Enquête sur l’explosion de Beyrouth : le magistrat en charge de l’affaire menacé 

Alors que l’enquête sur la double explosion du 4 août 2020 dans le port de Beyrouth stagne, la campagne de dénigrement à l’encontre du juge chargé du dossier vient de passer un cap.

Après les pressions politiques, les menaces pures et simples ? C’est ce que rapporte France24, qui vient ainsi confirmer les rumeurs qui circulaient depuis le début de la semaine. Depuis que Tarek Bitar, juge d’instruction à la Cour de justice, a été chargé de l’enquête sur la double explosion du 4 Août 2020 au port de Beyrouth, les pressions politiques sont légions.

Le 18 février dernier, alors en charge de l’affaire, le juge Fadi Sawan avait démissionné après avoir « subi des menaces indirectes », rappelle au Celsalab Sejean Azzi, ancien ministre du travail. Mais un cap a été passé cette semaine.

Pour rappel, le cataclysme du port de Beyrouth avait fait 214 morts, plus de 6500 blessés et environ 300 000 déplacés. Plus d’un an après les faits, la Banque mondiale estime le coût des dégâts à plus de quatre milliards d’euros.

« Nous en avons assez de toi »

C’est un journaliste de la chaîne de télévision libanaise LBCI, Edmond Sassine, qui a le premier donné l’information via son compte Twitter, mardi dernier.

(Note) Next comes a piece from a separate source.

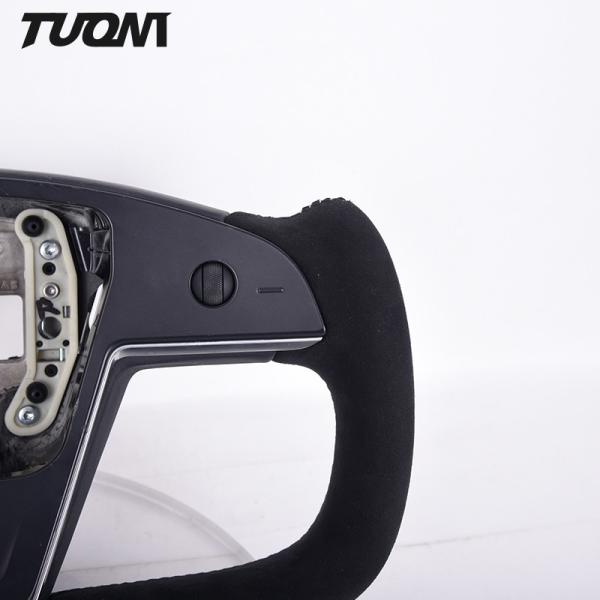 OEM Black Alcantara Tesla Carbon Fiber Steering Wheel Sports Style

Traduction : « Le Hezbollah, par l’intermédiaire de Wafiq Safa, a envoyé un message de menace au juge Tarek Bitar, déclarant: Nous en avons assez de toi. Nous irons jusqu’au bout avec les moyens légaux, et si cela ne fonctionne pas, nous allons te punir. »

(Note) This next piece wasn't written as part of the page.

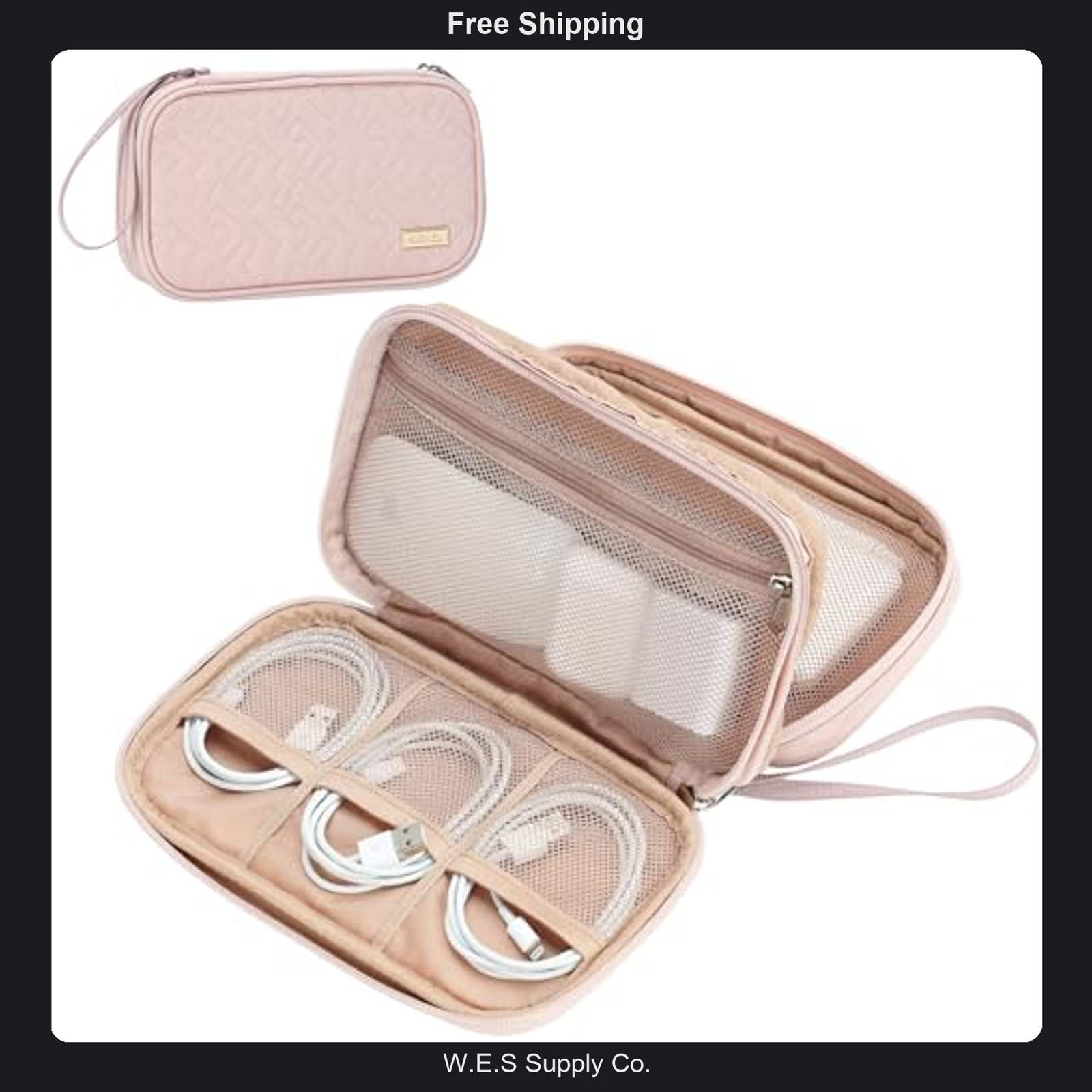 Electronics Travel Organizer Bag with Dual-Layer Design and Large Capacity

Au vu de l’ampleur qu’a pris cette nouvelle en quelques heures sur les réseaux sociaux, le procureur général de la Cour de Cassation, Ghassan Oueidate, a requis dès le lendemain un rapport au juge Bitar, lui demandant de statuer sur le bien-fondé de cette rumeur. Ce dernier, nous informe L’Orient-Le Jour, dans une lettre qui n’a pas été rendue publique, confirme les menaces qui le visent.

Selon Edmond Sassine, journaliste de LBCI, celui qui a proféré ces menaces n’est autre que Wafiq Safa, directeur des renseignements et de la sécurité du Hezbollah depuis 1987.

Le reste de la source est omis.